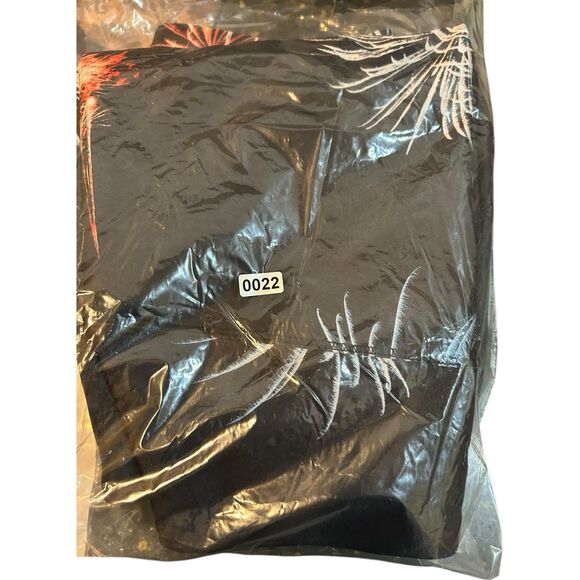 Good American Legging Sports Bra Set Sz 2=M Fireworks HR Ankle 4th of July - Picture 10 of 10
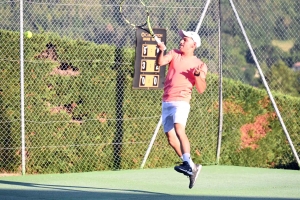 Tennis : Jacques Torrilhon et Angelica Ochoa Martinez vainqueurs à Retournac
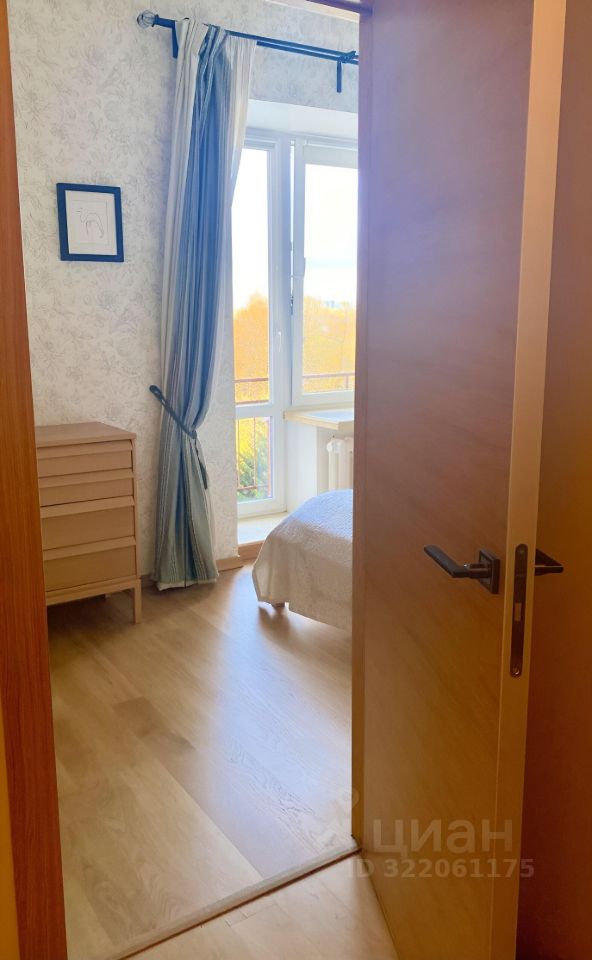 Продажа 3-комн квартиры на вторичном рынке 2-я Алексеевская улица, 7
== == ==
- What the task asks -
Exact reproduction is required. Output only the lines from the one with "Tennis : Jacques" through the end of the listing above, both ends included, and no pictures.

- Result -
 Tennis : Jacques Torrilhon et Angelica Ochoa Martinez vainqueurs à Retournac
 Продажа 3-комн квартиры на вторичном рынке 2-я Алексеевская улица, 7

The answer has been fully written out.